Why Did Sullivan Travel?

Wanda Waterman

“There’s a lot to be said for making people laugh. Did you know that’s all some people have? It isn’t much, but it’s better than nothing in this cockeyed caravan.”

~John L. Sullivan in Sullivan’s Travels

“O Brother, Where Art Thou?” did seem like an odd title for a film. Rumoured to have been lifted from The Odyssey, also the story of a hero trying to make his way home, in fact O Brother, Where Art Thou? was named after a fictitious film within the fictitious tale of the fictitious director John Sullivan in the 1941 film Sullivan’s Travels.

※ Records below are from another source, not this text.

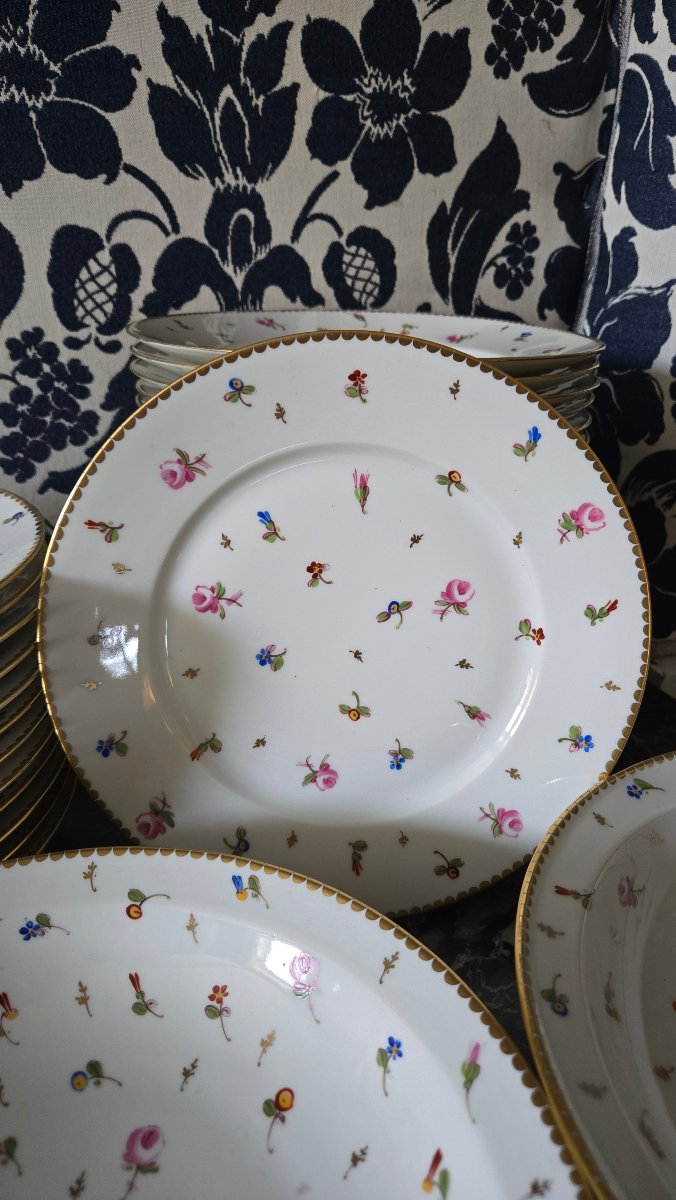 Service de table en porcelaine, décor « Vieux Nyon », premier tiers du XXᵉ siècle-photo-2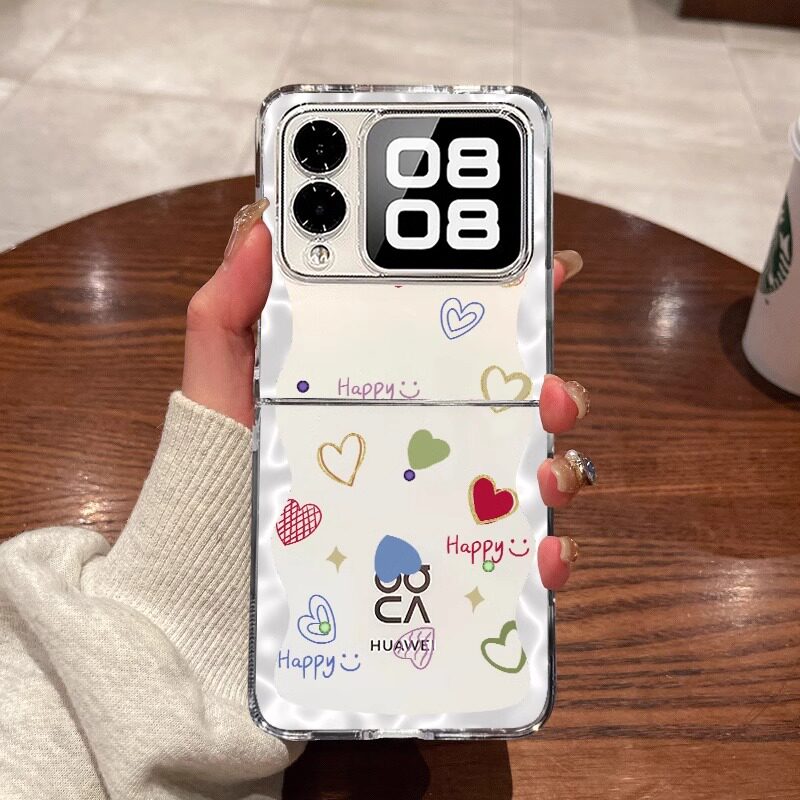 适用华为novaflip手机壳新款z闪钻爱心Nova Flip折叠屏透明保护套flip超薄后壳全包防摔个性nova女款ins,3C数码配件,手机保护套/壳,淘宝优惠券,粉丝福利购,淘宝优惠卷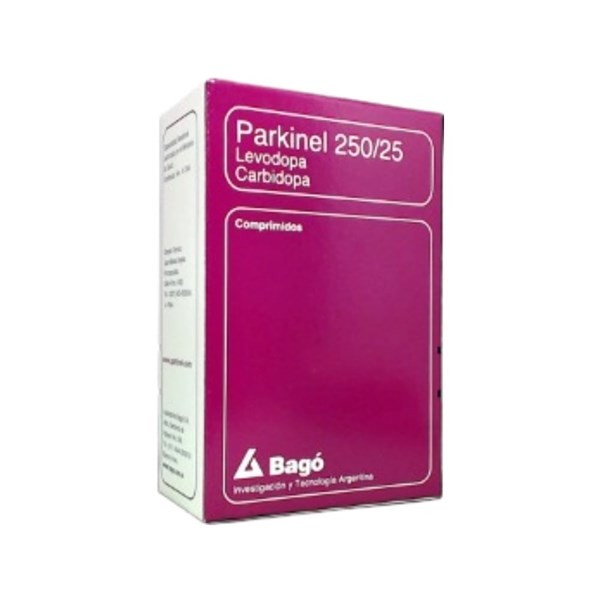 Bagó Parkinel 250 / 25 Levodopa + Carbidopa x 60 Comp #1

It’s the earlier film that I’m going to be talking about today, because it wasn’t only the Coen Brothers who saw in it a cinematic treatise on karma, dharma, maya, enlightenment, and salvation. (Spoiler alert: You may want to watch this movie before you finish reading this article.)

Sullivan’s Plight

John Sullivan has had a pampered and sheltered upbringing. His high station, work ethic, and creative gifts have granted him access to the higher echelons of Hollywood’s film industry, wherein his very person is identified with valuable capital—a mind that can generate mountains of dough.  But his education has granted him a yearning for social justice as well as a rather naïve love for the common man.

Sullivan wants to make films that dignify the poor yet feels ashamed that he himself has never suffered want. He believes that for his new  film project (O Brother, Where Art Thou?) to be authentic he must understand poverty firsthand. His assistants try to talk him out of it, pointing out the danger of placing his inexperienced self in harm’s way as well as the fact that the poor prefer prosperity to being “understood.”

The historical setting looks like the year the film was made—1941. The boys are still at war and the country is suffering the hangover of a long economic downturn, one that has allowed a large and manifold culture to grow up around the hobo life.

Sullivan is smart enough to know he needs awakening but not quite smart enough to know a tiger can’t change its stripes. He’s certain that in order to be truly awake he must experience hardship firsthand (he’s wrong, but he achieves enlightenment anyway). Despite his best efforts Sullivan keeps getting bounced back to Hollywood, or else his crew shows up to rescue him. Karma can be a bitch, but it can also save our butts.

A reversal of Sullivan’s good karma appears in the form of a hobo who wants to be rich and pays for his hubris with his own life. There are penalties for trying to hand back the cards life has dealt you, and this turns out to be just as true for Sullivan as for the dead hobo.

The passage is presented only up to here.